Exercise prompt — In this exercise, the entries below include pictures. Repeat exactly the lines from the line with "Photo of Patty & Selma" to the line with "Woman faints and", including both, but without the pictures.

Extracted information —
================================
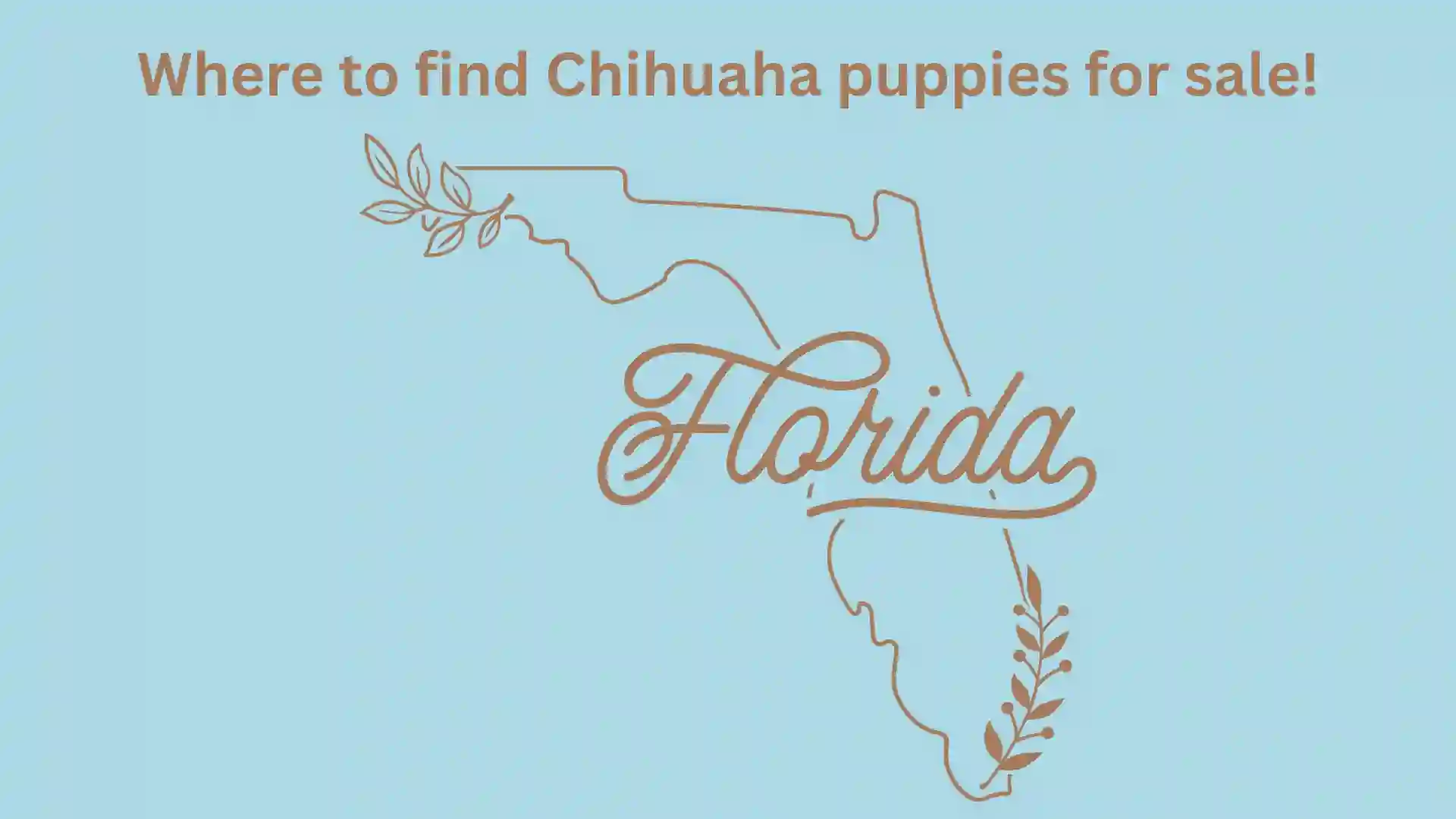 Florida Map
================================
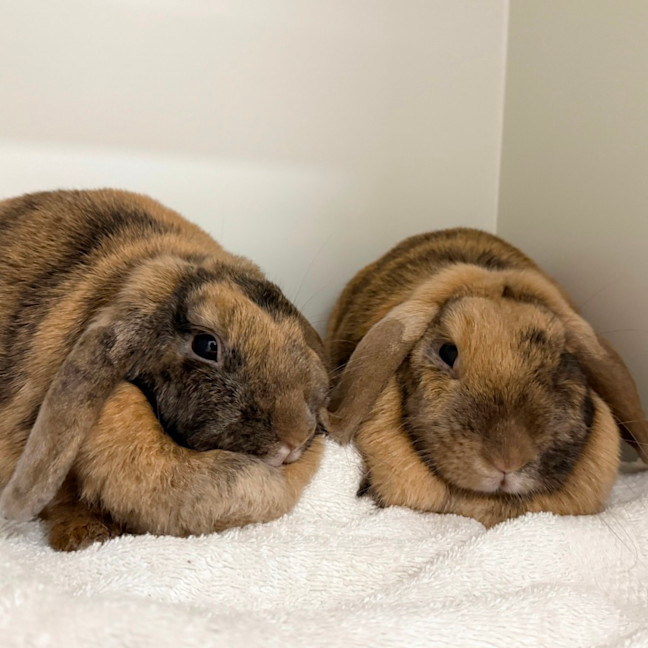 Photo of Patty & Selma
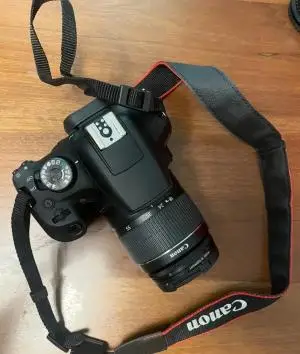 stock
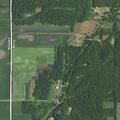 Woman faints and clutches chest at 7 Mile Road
================================
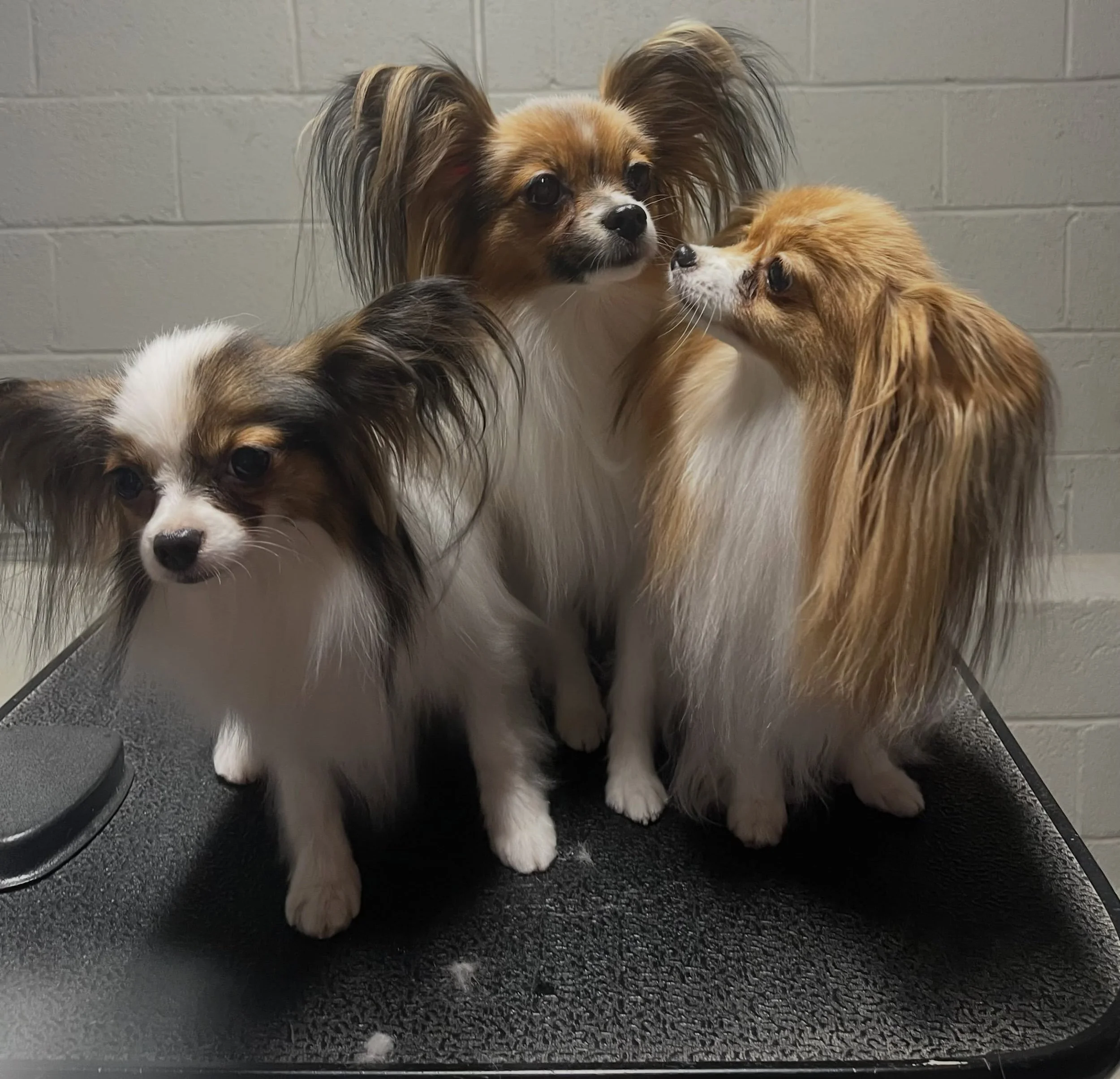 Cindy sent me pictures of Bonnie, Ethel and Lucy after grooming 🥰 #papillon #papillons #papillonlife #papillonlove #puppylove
================================
Worked solution —
 Photo of Patty & Selma
 stock
 Woman faints and clutches chest at 7 Mile Road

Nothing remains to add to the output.